Show that setting nullspace coordinates to zero gives the minimum-norm solution in the result above.
For \(\lambda>0\), ridge regression solves \[ \begin{align} \hat{\bx}_\lambda = \argmin_{\bx}\left(\|\bA\bx-\bb\|_2^2+\lambda\|\bx\|_2^2\right). \end{align} \] The normal equations become \[ \begin{align} (\bA^T\bA+\lambda\bI)\hat{\bx}_\lambda = \bA^T\bb. \end{align} \]
Given positive weights \(w_i\), weighted least squares solves \[ \begin{align} \min_{\bx}\|\mathbf{W}^{1/2}(\bA\bx-\bb)\|_2^2, \qquad \mathbf{W}=\operatorname{diag}(w_1,...,w_m). \end{align} \] Large \(w_i\) forces the fit to match observation \(i\) more strongly.
The weighted least squares problem in the result above satisfies \[ \begin{align} \bA^T\mathbf{W}\bA\hat{\bx}=\bA^T\mathbf{W}\bb. \end{align} \]
Apply the ordinary normal equations from the result above to the transformed system \[ \begin{align} \mathbf{W}^{1/2}\bA\bx\approx \mathbf{W}^{1/2}\bb. \end{align} \] This gives \((\mathbf{W}^{1/2}\bA)^T(\mathbf{W}^{1/2}\bA)\hat{\bx}=(\mathbf{W}^{1/2}\bA)^T\mathbf{W}^{1/2}\bb\), which simplifies to the stated equation.
Return to the result above. Solve the same line-fitting problem using QR. Compare coefficients, residual norms, and the conditioning of the two linear systems solved.
Regularization: If \(\bA\) is rank-deficient, \(\|\hat{\bx}\|\) can explode. Add a penalty term \(\lambda \|\bx\|_2^2\) (Ridge Regression). How do the normal equations change?
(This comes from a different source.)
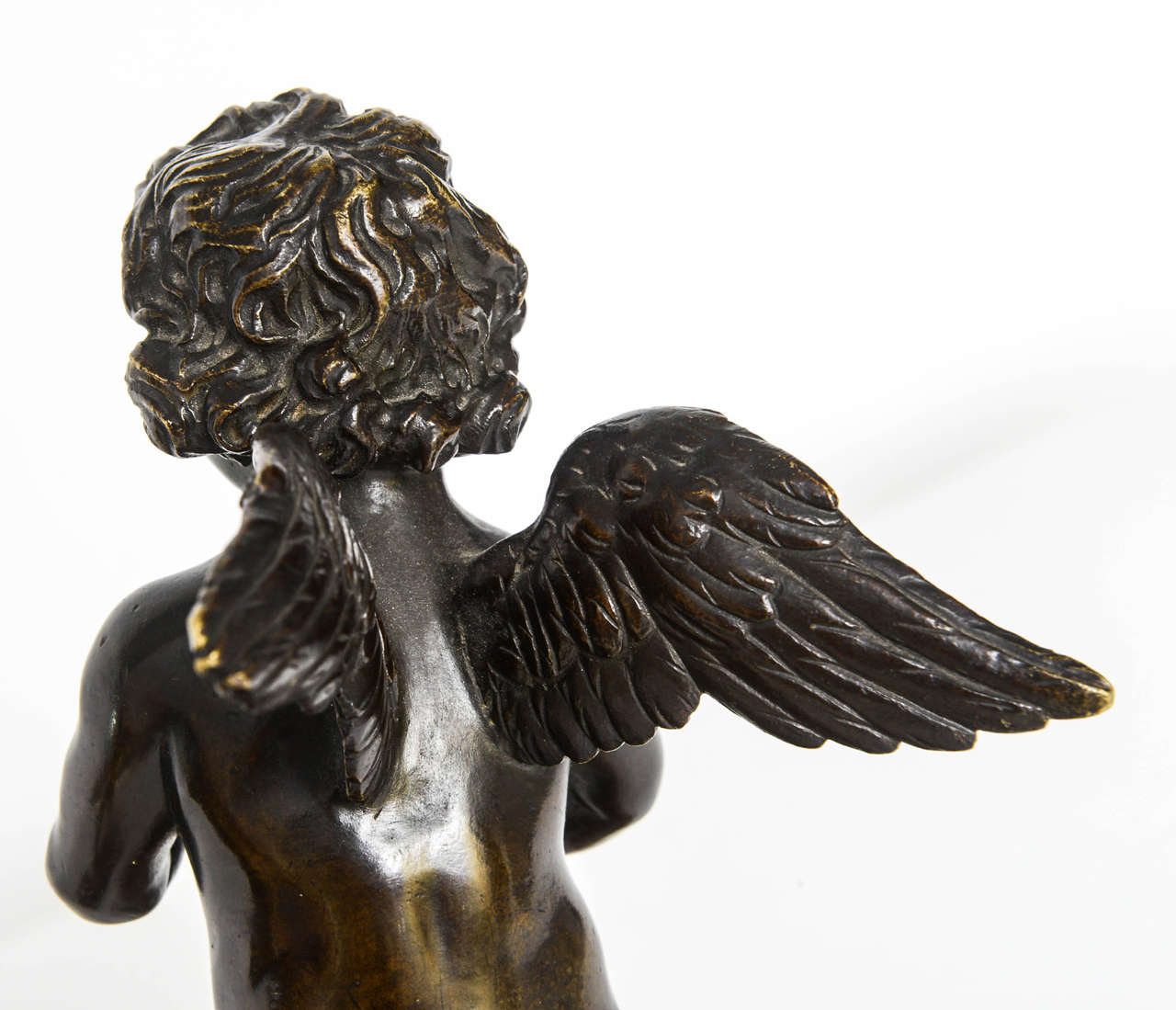 Pair of French Bronze Striding Cupids, circa 1800 1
Derive the result above by differentiating the weighted objective directly.
15.5 Polynomial Regression
For nodes \(t_1, ..., t_m\), the degree-\(n\) design matrix is: \[ \begin{align} V_{ij} = t_i^{j-1}. \end{align} \] Polynomial fitting \(p(t) = \sum c_j t^j\) is solved as \(\bV\bc \approx \mathbf{f}\).
Fit a degree-2 polynomial to 6 data points. Verify the residual and \(R^2\) score.
Numerical Stability: Construct a Vandermonde matrix with \(n=10\). Compare the errors of
lstsq(A, b)vssolve(A.T @ A, A.T @ b). Relate the outcome to the result above.